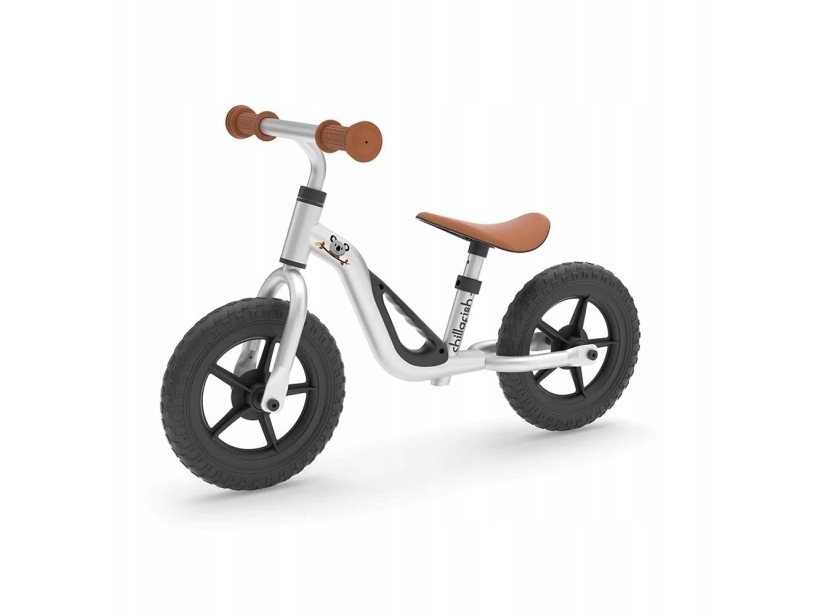Chillafish Charlie 10 løbecykel sølv fra 1,5 til 4 år CPCH01SIL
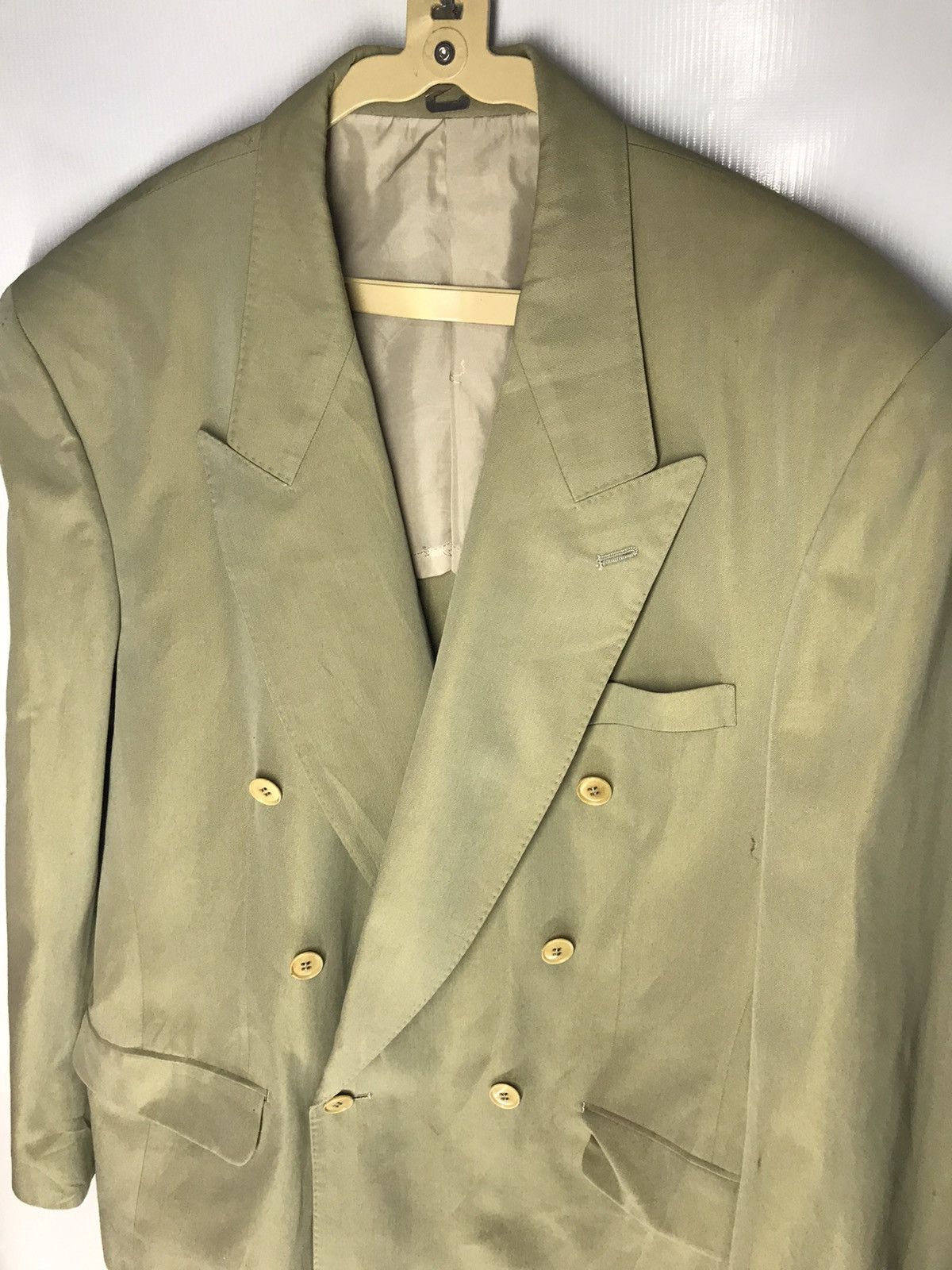 Japanese Brand × Kenzo 🔥BEST OFFER 🔥Kenzo button up blazer jacket Size US L / EU 52-54 / 3 - 6 Thumbnail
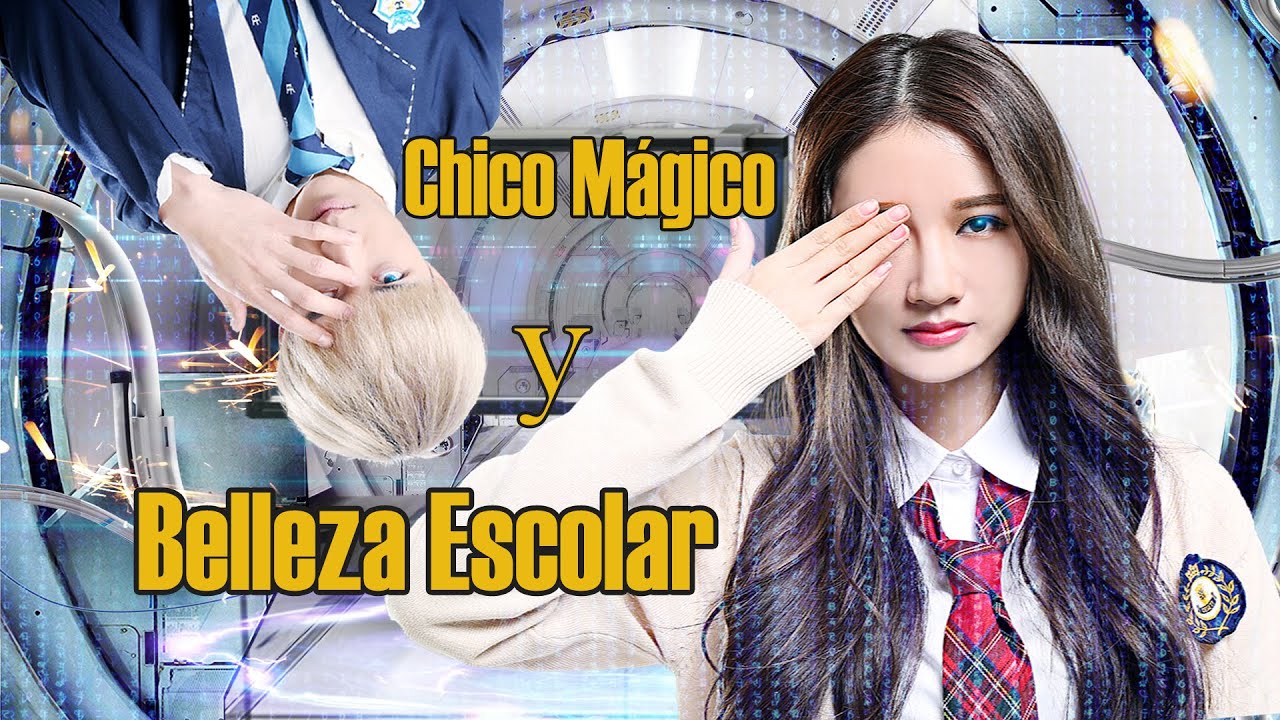 Magical Boy and School Beauty | Romantic Fantasy Movies | Full Movie in HD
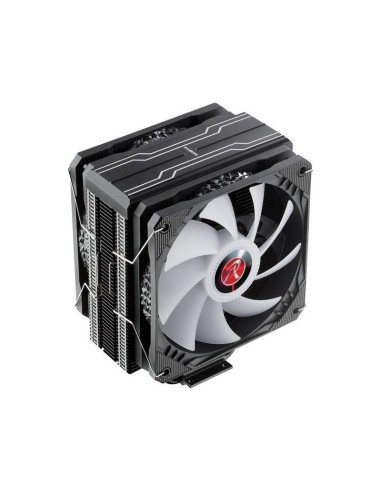 Enfriador De Cpu Raijintek Eleos 12 Duo Rbw  0r10b00221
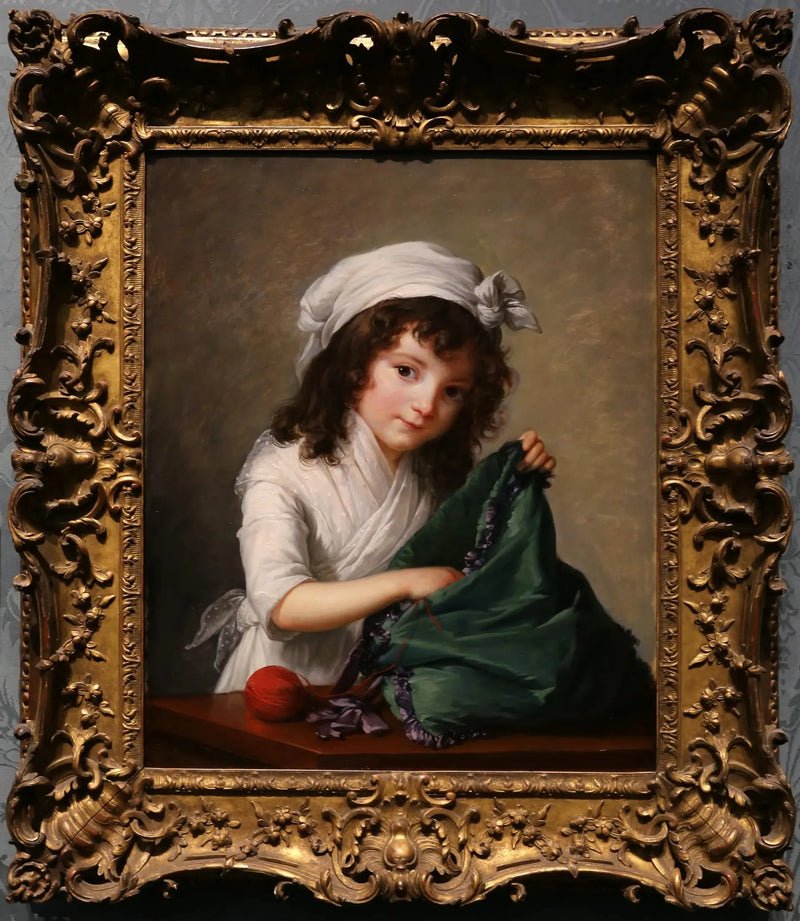 마드모아젤 브롱니아르 - 엘리자베스 비제 르 브룬

Source:
Mademoiselle Brongniart - Élisabeth Vigée Le Brun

--------------------------------

PROBLEM TO WORK ON
Extract exactly the lines above from the line containing "Magical Boy and" through the last one, both ends included, but not the pictures.

RESULT
 Magical Boy and School Beauty | Romantic Fantasy Movies | Full Movie in HD
 Enfriador De Cpu Raijintek Eleos 12 Duo Rbw  0r10b00221
 마드모아젤 브롱니아르 - 엘리자베스 비제 르 브룬

Source:
Mademoiselle Brongniart - Élisabeth Vigée Le Brun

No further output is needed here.